Numerical simulations must be consistent to the real world. With this foundation, it is able to capture more information than an experiment. Recently, van der Bos et al.⁴ obtained the images of the formation of small droplets at high speeds on the nanosecond level. They employed a silicone oil with density of 930 kg/m³, viscosity of 9.3 mPa·s and surface tension of 20.2 mN/m in conjunction with a nozzle radius, R = 15 μm. We reproduced this experimental work in our simulations as means of validating the present model. In our lattice Boltzmann model, the computational domain is a rectangular with the length 800 and the width 200 lattice units. The height and radius of the nozzle is 120 and 40 lattice units, respectively. The density of liquid phase is \({\rho }_{l}\) = 1000, the density of gas phase is \({\rho }_{g}\) = 1, and the width of the interface layer is W = 3. The temperature and humidity are constant during the drop formation. The relaxation parameters take \({\tau }_{n}=0.85\) and \({\tau }_{\varphi }=0.8\). The periodic boundary condition is used on both of the left and right sides, while the fully developed boundary condition is used on the top and bottom¹⁷. The wetting boundary condition is used on the nozzle inner wall, whose contact angle is 90° ²⁹.
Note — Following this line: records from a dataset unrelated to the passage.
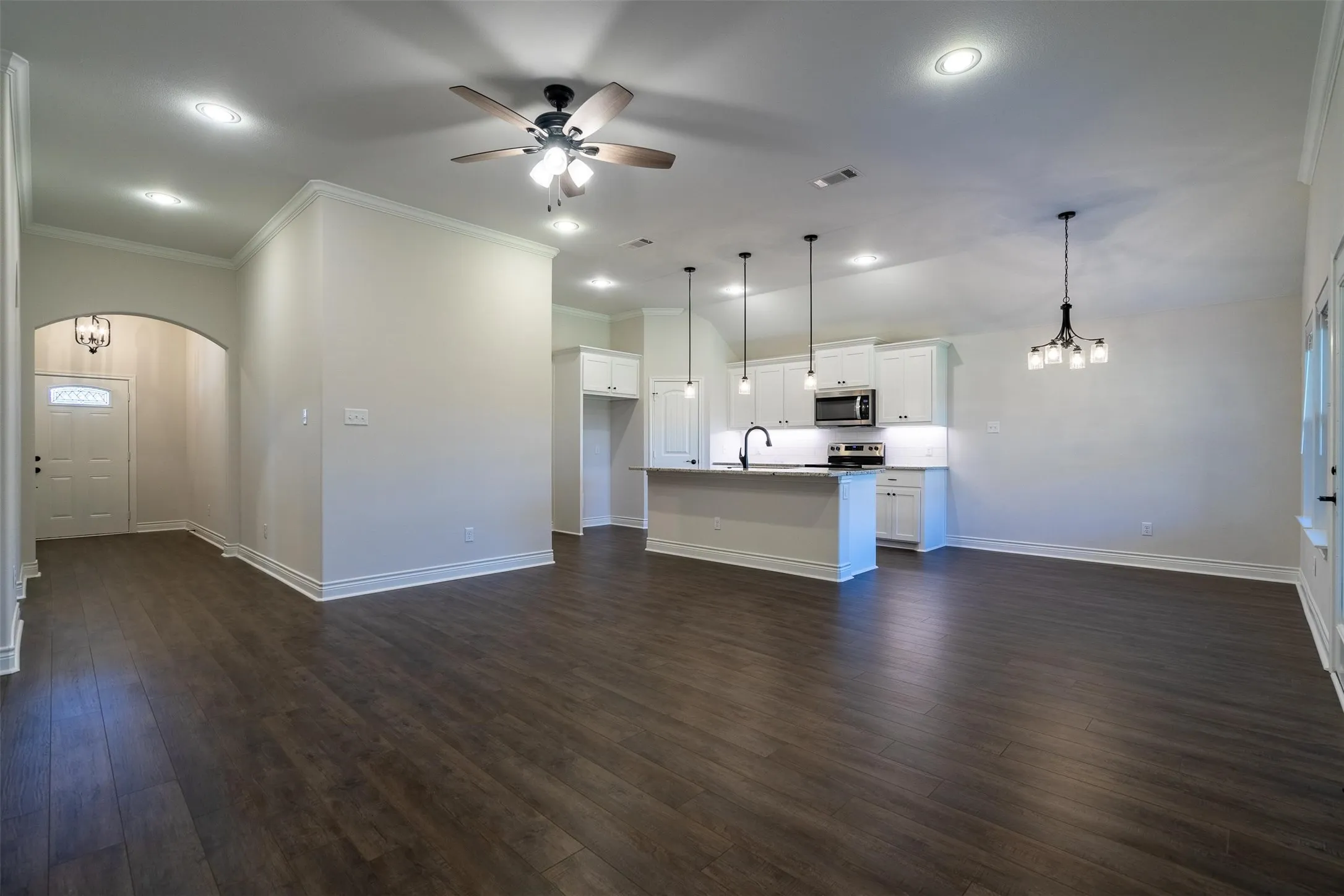 Single Family Residence For Rent in Hunt County , 908 Tippit Lane, Greenville, Texas 75098, 3 Bedroom, 2 Bathroom, Garage spaces, 1,660 Sqft, built in 2022, mls#21382043, Real Estate Agent in Greenville, Homes For Rent in Hunt county, Homes For Rent in Greenville, Realtor in Greenville Texas, Real Estate Brokerage Independent Realty Texas, Luminita Cordes Realtor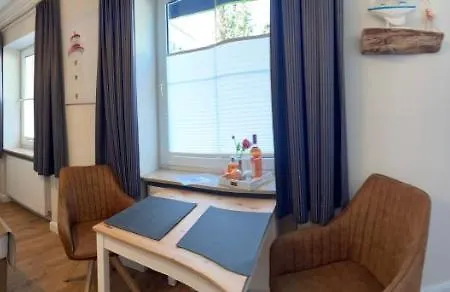 Ostseestrand-apartments *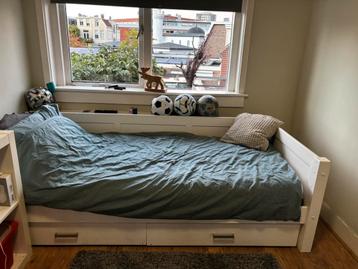 Éen persoons bed beschikbaar voor biedingen
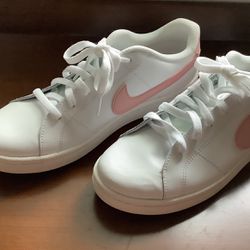 NIKE NEW  WOMENS COURT SHOES SIZE 10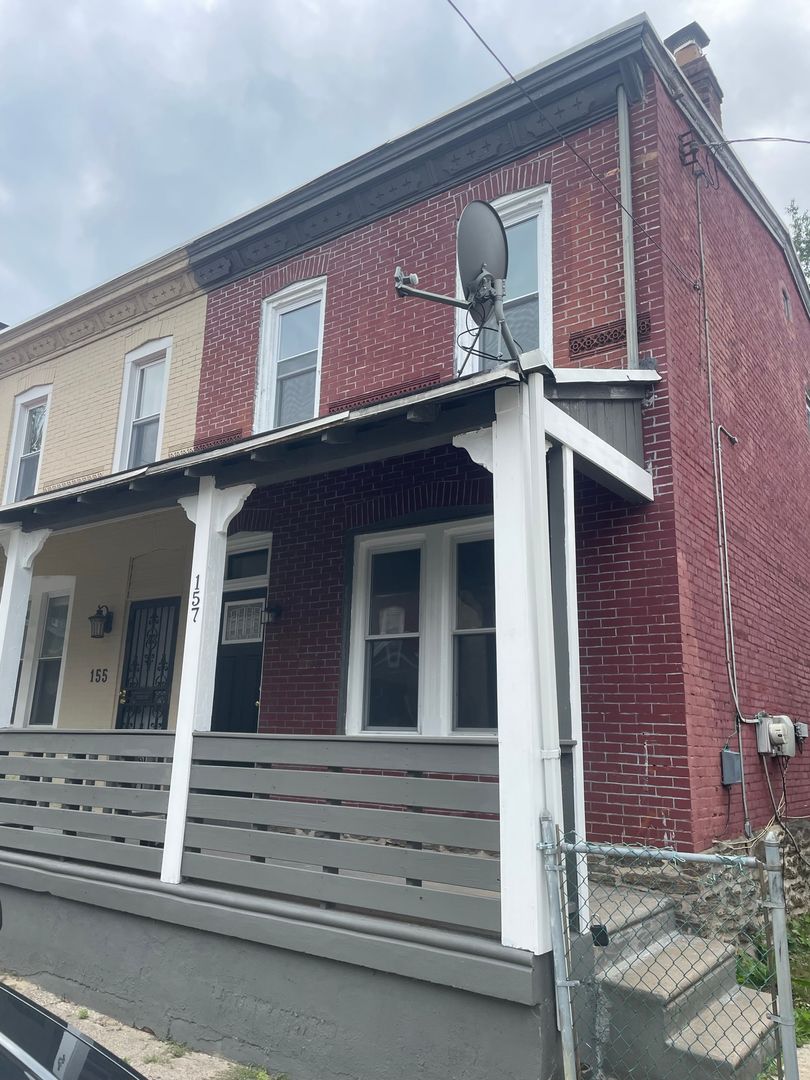 Philadelphia House: 157 E Meehan Ave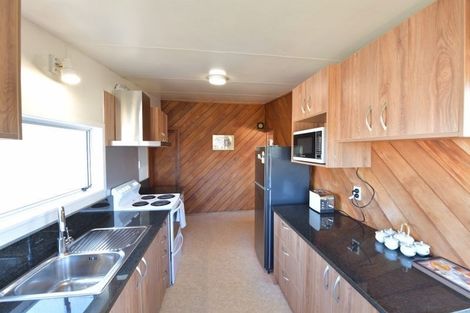 Photo of property in 492 Blockhouse Bay Road, Blockhouse Bay, Auckland, 0600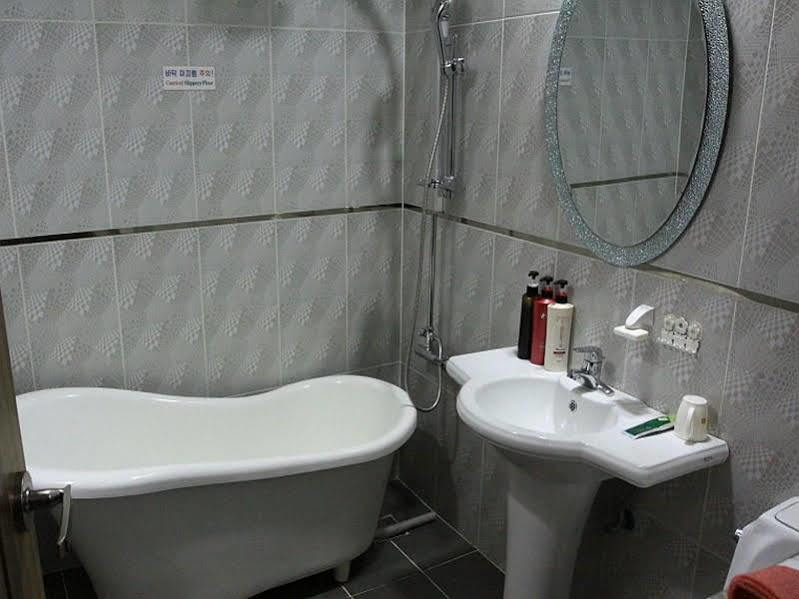 Tiffany Motel 木浦市 外观 照片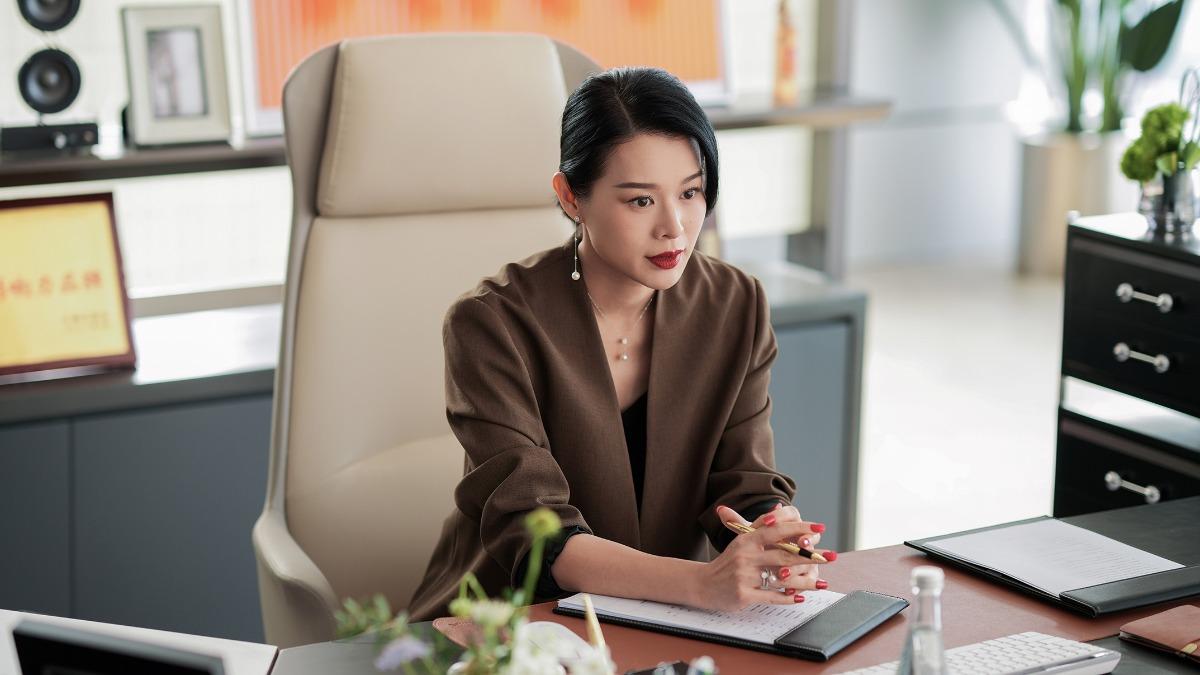 胡杏兒飾演最美小三「邱麗蘇」。（圖／愛爾達電視提供）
A comparison between the experiment and the simulation is shown in Fig. 3. In each subfigure, the right part is the present simulating results, while the left part is the fast image capture of van der Bos et al.’s experiment⁴. In the subfigures (a)~(d), the time deviation between the simulation and experiment is only within ±0.1 μs. In the last two subfigures (e) and (f), the time deviations are still less than 1.5 μs. The droplet shapes in the simulations are consistent to the captured images in the experiments in every key stage. The droplet detached from the nozzle at 24.8 μs in the simulation; this time locates in the time range 24 μs to 27 μs of the experiment observations⁴. Thus, the simulating results are in good agreement with the experiments. In (a), the fluid begins to flow rapidly out of the nozzle orifice, as a result of the positive force pulse. The ejecting fluid is increasingly stretched and forms a rounded main drop with an attached filament, as shown in (b) and (c). The filament breaks up between 24 μs to27 μs and the tail end become rounded as shown in (d), (e), after which the tail end of the filament recoils and speeds up as a result of surface tension, such that the separated droplet contracts. The contracting filament pulls on the head and the entire mass shrinks into a single droplet in (f). Finally, a steady droplet with a near-spherical shape is formed, having a velocity of approximately 3 m/s.

Figure 3

Reproducing the ink droplet formation captured in van der Bos et al.’s experiments⁴ by the lattice Boltzmann simulation. In each subfigure, the black plot is the experiment images and the wine plot is the simulation result. The timeline of the experiment is (a) 9 μs, (b) 15 μs, (c) 21 μs, (d) 27 μs, (e) 33 μs, (f) 42 μs, whereas the simulation time corresponds to (a) 8.9 μs, (b) 14.9 μs, (c) 21 μs, (d) 27 μs, (e) 34.3 μs, (f) 43.4 μs.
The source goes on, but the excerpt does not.